Open up your design in any program like mspaint where you can zoom in super close to the pixels. Adjust your zoom until their physical size on the monitor is the size you want it in real life, then lay a sheet of construction paper on the screen. Gently outline the shapes you'll need in that color with a pencil. When working with pixels, you really only need to mark corners - take serious measures to avoid putting too much pressure on your monitor in order to avoid damaging it. Try to arrange the pieces on a grid, almost as if you were playing tetris. The more shared edges, the less cuts and the easier it will be to ensure that the paper pixels are of consistent size. You can make barely-visible scribbles and then reconstruct the correct shape later. Of course keep in mind that simple arrangements (2 or 3 pixels in a group) don't need to be traced and can be drawn entirely with a ruler.
Remove the paper and draw a proper outline of all of the shapes with a straightedge. You'll want to be very strict about the sizes here. Each line segment must be identical in length, or your sprites will have unsightly gaps. This is much less important for more free-hand shapes like the octopus, but you still want things to line up.
NOTE that some colors may be too dark to trace through. If this is an issue, there is a way to circumvent it... but it will double your work. Simply trace through some white computer paper first, then use the resulting pieces as stencils to cut out the shapes in the color you actually want. I had to do this for all of the black parts in my sprites.
Step 2: Cut and Arrange the Pieces
Cut out the pieces. Lay them out like a puzzle as you go to make sure you have all of the correct bits. It's fun to see your progress, and keeping track of what's been done already will save you headaches later. Trim or recut any pieces that don't line up properly.
Step 3: Tape Them Up!
Once you've got all of the pieces ready, reassemble them upside down. You basically want to assemble a mirror image of your final design. Then you can go all around and tape the pieces together securely.
At this point, you can call it a day. I left my wall art like this for several years in college, using sticky tack to secure it to my wall. Eventually though, the pieces started to get a bit droopy and hard to secure. I then got a hold of a large cardboard box (from a flatscreen tv) that was double-corrugated. I traced my sprites onto it, cut out backer pieces for each one, and glued them together. I don't have photos of this process, but now my sprites are sturdy and easier to mount on a wall. I would highly recommend doing this up front if you have any nice cardboard around. My octopus is a bit more complicated to reinforce because of the curves and negative space, so it's still just taped paper to this day.
Step 4: Bonus Octopus Art
Just to show you that this method isn't limited to pixel art, here are some photos of the project I did immediately afterwards.

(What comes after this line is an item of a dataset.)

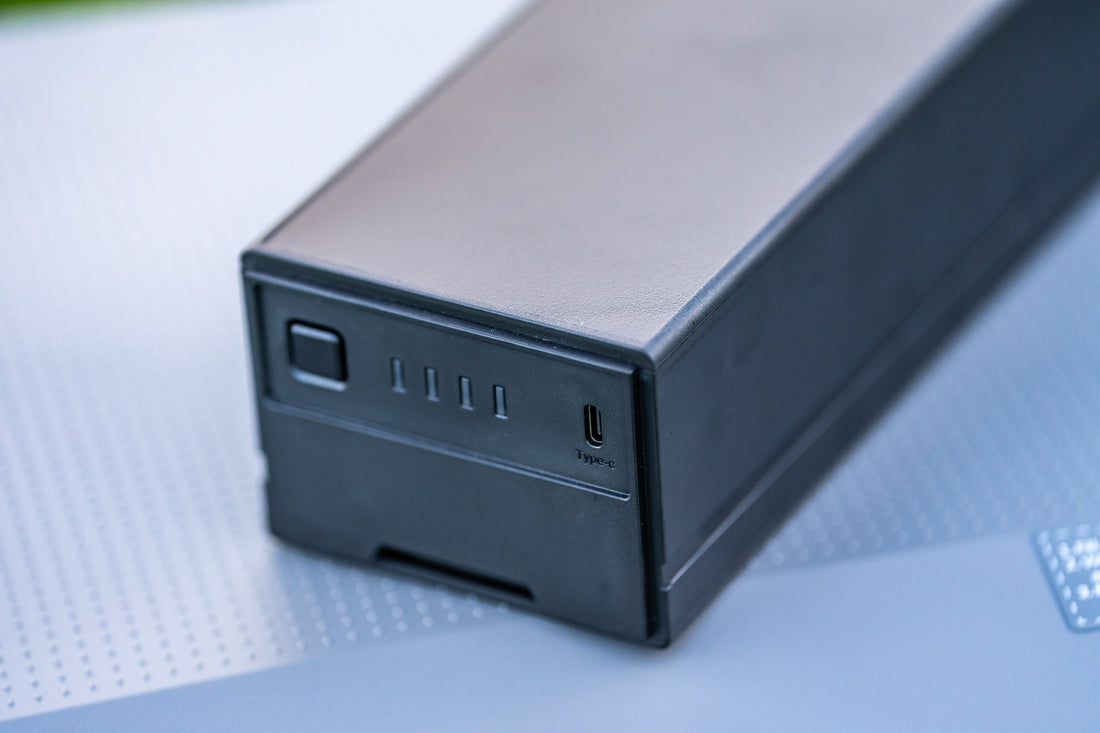 EcoFlow Glacier Plug-In Batterie 298 Wh für Glacier Classic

I used the exact same technique to reproduce a design I created in mspaint as a larger piece of construction paper wall art. Of course, since the whole thing was made with black paper I had to cut each piece out twice.
I wanted to play around with figure-ground relations, so I left the outer shape looking like several full sheets of construction paper strewn carelessly on the wall. The octopus itself is defined by the absence of paper, where the wall texture shows through. The fish was cut out and moved outside of the piece to try to give some movement, break the boundary and keep the piece from feeling constrained. Plus, one cut; two fish!
Thanks for looking! As always, I'd love to see anything you make that is inspired by this instructable.